- 1988 NCAA Final Four logo
- Champions: Texas (1st NCAA (2nd national) title)
- Runner-up: Hawaiʻi (4th NCAA (8th national) title match)
- Semifinalists: UCLA (5th Final Four); Illinois (2nd Final Four);
- Winning coach: Mick Haley (1st title)
- Final Four All-Tournament Team: Stacie Nichols (Texas); Sue Schelfhout (Texas); Dawn Davenport (Texas); Martina Cincerova (Hawaiʻi); Teee Williams (Hawaiʻi); Mary Eggers (Illinois);

= 1988 NCAA Division I women's volleyball tournament =

Volleyball competition

The 1988 NCAA Division I women's volleyball tournament began with 32 teams and ended on December 17, 1988, when Texas defeated Hawaiʻi 3 games to 0 in the NCAA championship match.
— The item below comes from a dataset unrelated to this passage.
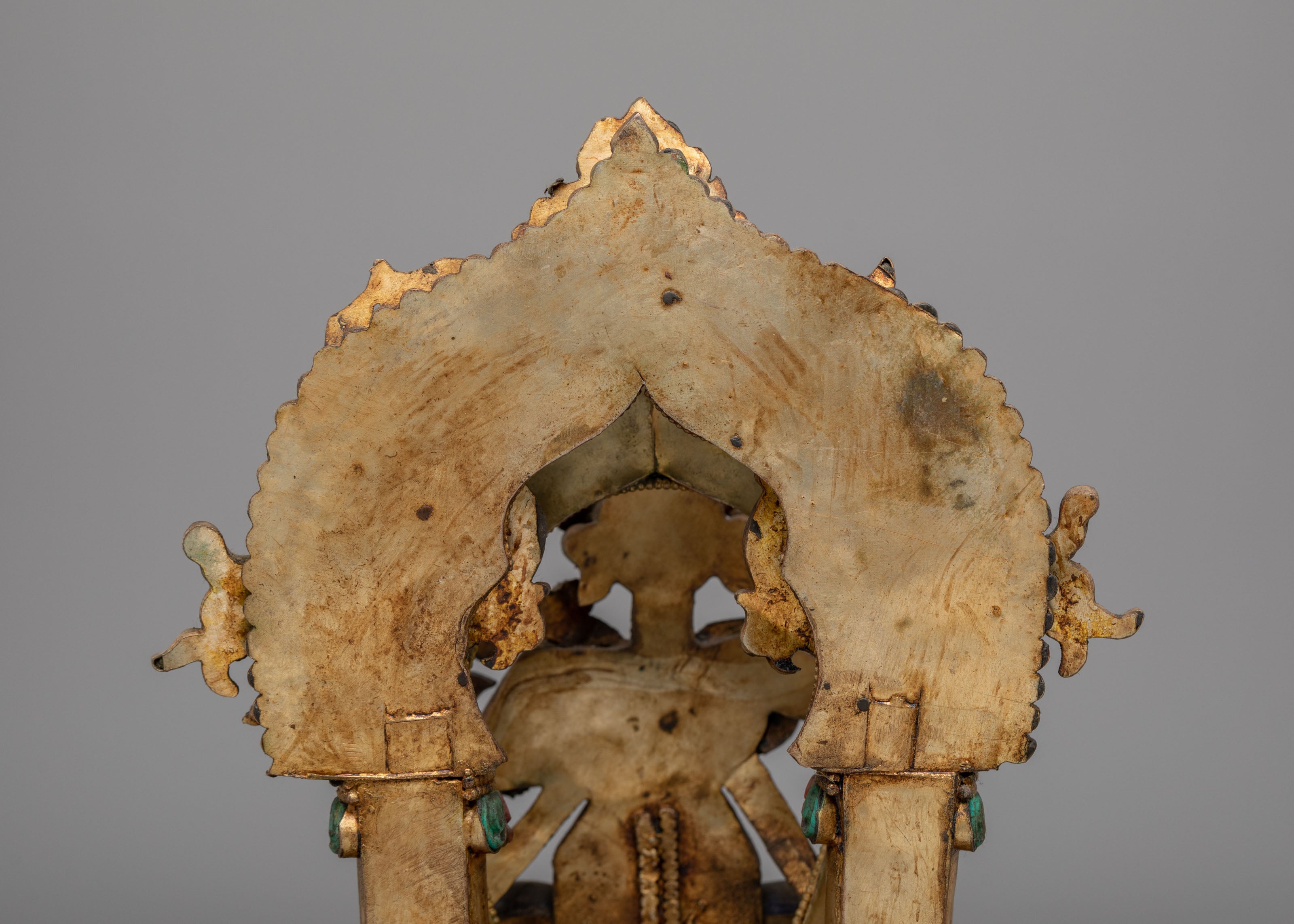 Handmade Manjushri on Throne Statue | The Bodhisattva of Wisdom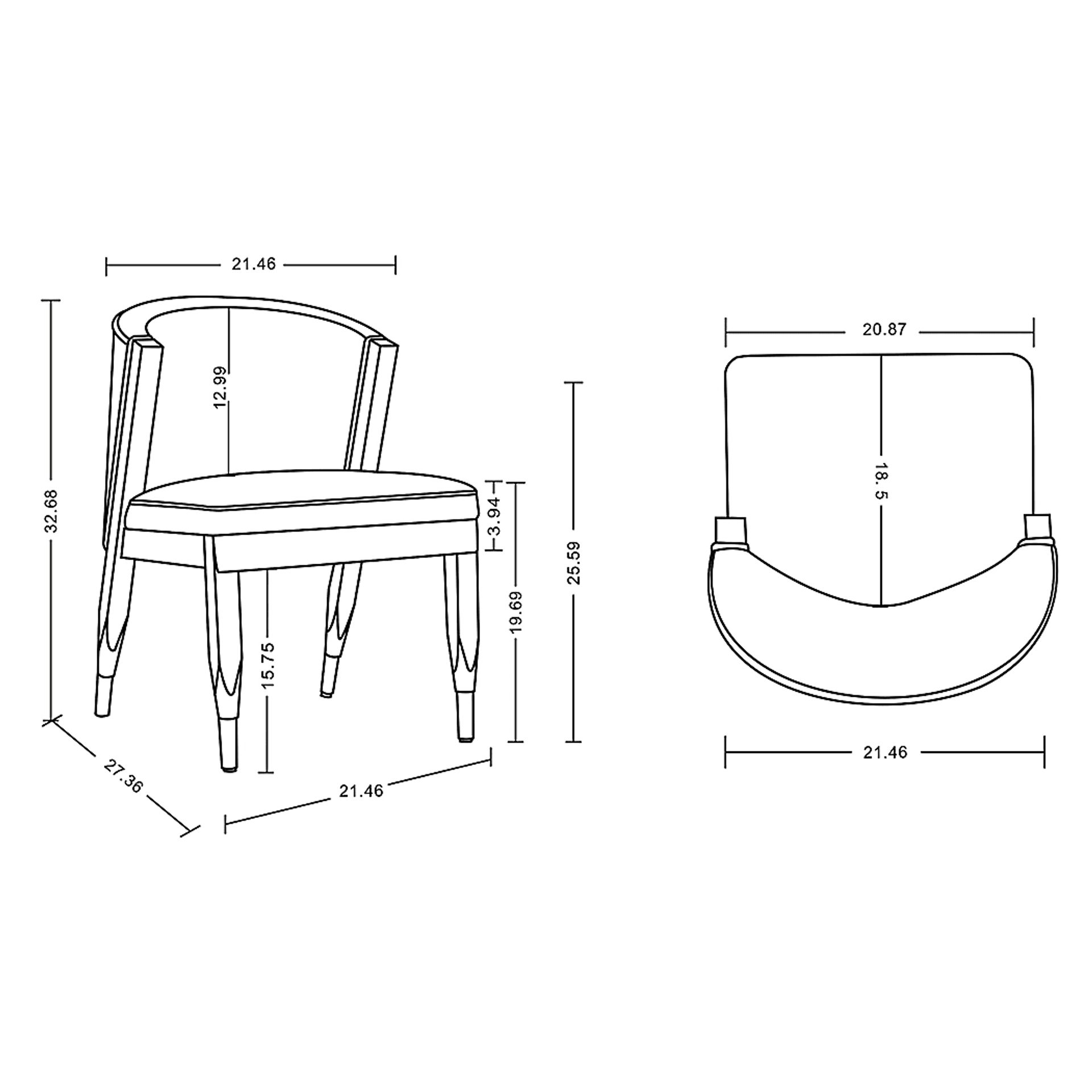 Megonko Gray Arm Chair - Image 10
Texas won the school's first NCAA championship and became the first non-California or Hawaii university to win the NCAA national championship (Texas also won the last AIAW national championship). After upsetting previously unbeaten and top ranked UCLA in the national semifinals, Texas swept Hawaiʻi in the final by the scores of 15-4, 16-14, 15-13, and became the first school to win every NCAA tournament match in sweeps (3-0), as they went 15-0 in individual games.